Guest Pollster | October 26, 2008
Topics: Climate Modelers , Disclosure , Likely Voters , Nate Silver
As Mark Blumenthal and Nate Silver have both noted in detail of late, the design of likely voter models can significantly impact how pollsters interpret and transform the raw data of voter samples into the topline results we see at pollster.com, fivethirtyeight.com, and other sites covering election polling. In turn, Mark and Nate observe, likely voter model design depends significantly on judgments that pollsters make about how to model the likelihood that any voter sampled will actually turn out and vote in the election. As we have all seen in the last few days, differences in how such judgments get made by different pollsters, combined with differences in the samples of voters collected by each poll, can mean the difference between a 1-point and a 14-point spread between the respective candidates for President.
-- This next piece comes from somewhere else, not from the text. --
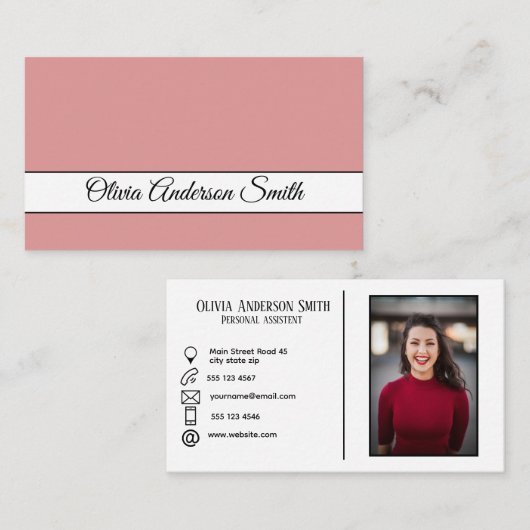 モダンカスタム写真と連絡赤面 名刺 (正面/裏面)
A key challenge for consumers of polls - whether citizens, journalists, or politicians - is sorting out to what extent the likely voter model or the underlying raw data sample is responsible for variations in poll outcome. In fact, this sorting out of how judgments made by modelers impact model design and outputs is a general challenge in the use of science to inform policy choices, which I have studied for much of the past two decades. Judgments like this are inevitable in any scientific work, which is why policy officials turn to experts to make judgments on the basis of the best available knowledge, evidence, and theories.
One case that I have looked at in detail is the use of computer models of the Earth's climate to make predictions about whether the planet is experiencing global warming. As I'm sure most of you know, models of climate change have been viewed skeptically by many people. I believe the trials and tribulations of climate modelers - and also their approaches to addressing skepticism about their judgments - offer three useful insights for pollsters working with likely voter models.
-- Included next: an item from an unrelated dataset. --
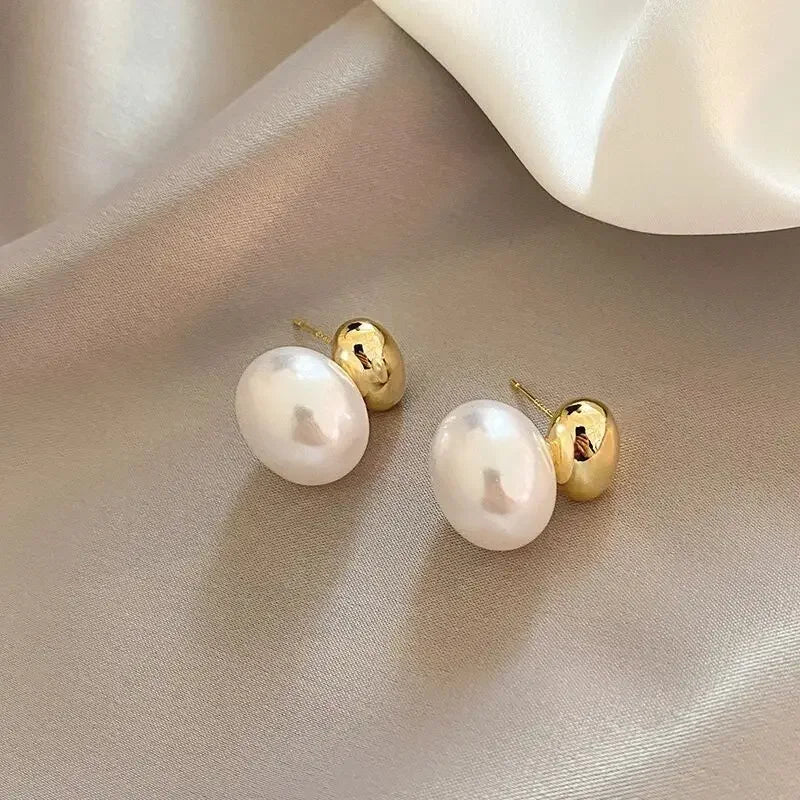 Pearls Round Stud Earrings Charm Stainless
- Transparency - climate models are far more complex than most polls, but climate modelers have made significant efforts to make their models transparent, in a way that many pollsters haven't. (In much the same way, computer scientists have called for the code used in voting machines to be open source.) By making their models transparent, i.e., by telling everyone the judgments they use to design their model, pollsters would enhance the capacity of other pollsters and knowledgeable consumers of polls to analyze how the models used shape the final reported polling outcome. They would also do well to publish the internal cross-tabs for their data.
- Sensitivity - climate modelers have also put a lot of effort into publishing the results of sensitivity analyses that test their models to see how they are impacted by embedded judgments (or assumptions). This is precisely what Gallup has done in the past week or so, in a limited fashion, with its "traditional" and "extended" LV models and its RV reporting. By conducting and publishing sensitivity analyses, Gallup has helped enhance all of our capacity to properly understand how their model responds to different assumptions regarding who can be expected to vote.
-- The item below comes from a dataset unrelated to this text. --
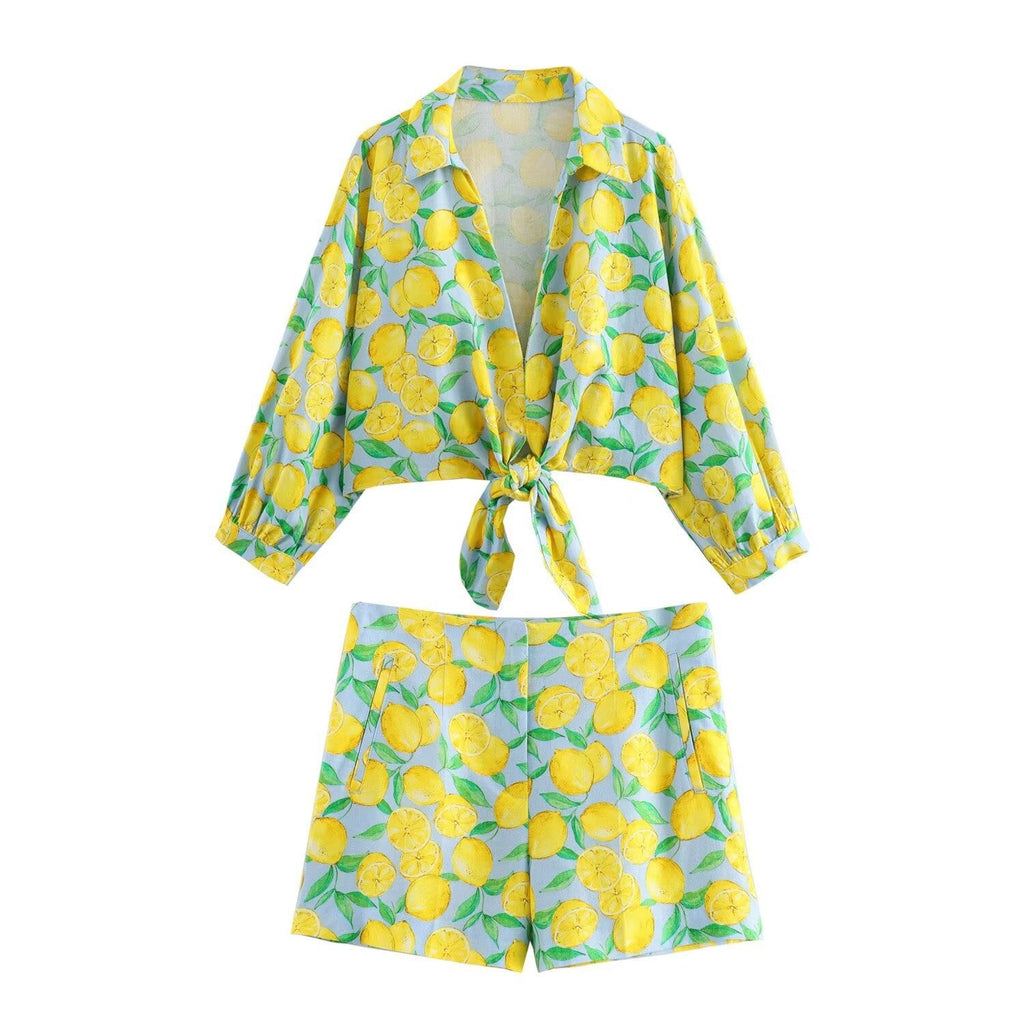 Lemon Print Vacation Shirt and Shorts Set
- Comparison - climate modelers have also taken a third step of deliberate comparisons of their models using identical input data. The purpose of such comparison is to identify where scientific judgments were responsible for variations among models, and where those variations resulted from divergent input data. Since the purpose of polling is to figure out what the data are saying, it is essential to know how different models are interpreting that data, which can only be done if we know how different models respond to the same raw samples.
The reason climate modelers have carried out this activity is to help make sure that the use of climate model outputs in policy choices was as informed as possible. This can't prevent politicians, the media, or anyone else from inappropriately interpreting the outputs of their models, but it can enable a more informed debate about what models are actually saying and, therefore, how to make sense of the underlying data. As the importance of polling grows, to elections and therefore to how we implement democracy, pollsters should want their polls to be as informative as possible to journalists, politicians, and the public. Adopting model transparency, sensitivity analyses, and systematic model comparisons could go a long way toward creating such informed conversations.